There has been. CJ Silverio gave a talk on that topic at JSConf this year: https://www.youtube.com/watch?v=MO8hZlgK5zc

See also Entropic as a possible alternative to NPM: https://github.com/entropic-dev/entropic

For context: Entropic was started by several former npm Inc core developers including CJ who left the company after the CEO change was announced internally. CJ herself is the former CTO of npm Inc.

Basically most of the top developers have left the company, others were laid off. It seems to be only a matter of time until none of the people working on npm a year ago remain.

i doubt entropic will become sth significant. it already lost the momentum it seems.
Yes. The Node ecosystem is a huge liability just waiting to happen. Any organization that depends on NPM is making a huge gamble. You can do a lot to mitigate this (private NPM repo, locks) but the reality is that the dependency chains are dangerous. Is someone in an organization going to audit all of those dependencies? Especially under the circumstances where they've been declared without an explicit version (>, >=, <, <=, ~, ^, 1.2.x, *).
As someone who has no insight into the Node/NPM/JS world, how is this different from Python's PyPi, which I would think suffers the same issue?
Mechanically, I believe the main difference is that NPM corresponds to PyPi + pip; it's both registry and repository.
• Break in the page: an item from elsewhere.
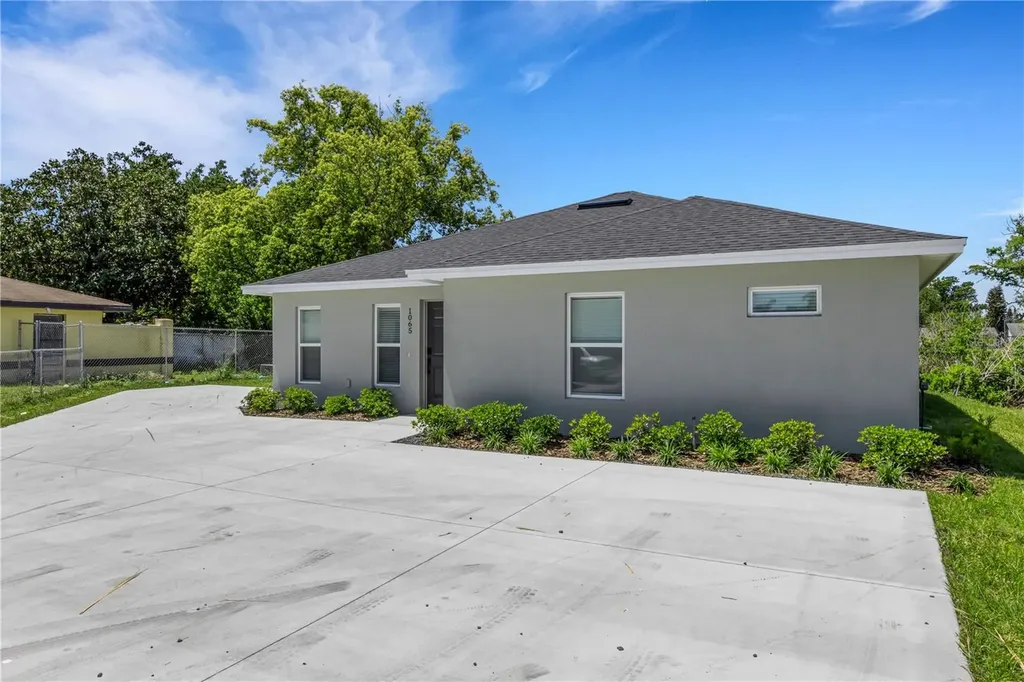 1065 / 1067 Captiva Point Lakeland FL 33801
PyPi is Python's official package repository and pip's default source, but it's not pip's only possible source. If someone pulls code off PyPi, pip can still link to it elsewhere.

When the left-pad debacle [1] broke major packages, the triggering event was that NPM-the-registry took a module name away from a developer and gave it to a company (which held it as a trademark). He got mad and took all his code off NPM-the-repository, including left-pad. To settle the chaos, NPM had to restore the deleted code against the developer's wishes - even though his code was still available on GitHub.

Realistically, though, that would still cause some chaos and it doesn't seem to be the key difference. The more important differences are legal and practical.

npm, inc. is a private company, while PyPi (via Warehouse) and pip are both open-source and donation funded. Even if npm doesn't get up to anything malicious, they depend on keeping their registry and repository unified, and they're more likely to attract and buckle under trademark suits than PyPi.

Even more importantly, npm modules are tiny. PyPi packages and Ruby gems may be single-purpose, but they usually do something which isn't completely trivial, and common functions like math libraries are built into larger packages. npm left-pad was 17 lines of string-padding code that almost anyone could write. Other modules are even sillier; isArray has millions of weekly downloads for what is effectively a single line of code. Blank npm templates have tens of thousands of files loaded even before you start coding.[2] So fundamentally, a big part of the issue is just that node projects tend to pull in 10x or 100x more dependencies than most other projects.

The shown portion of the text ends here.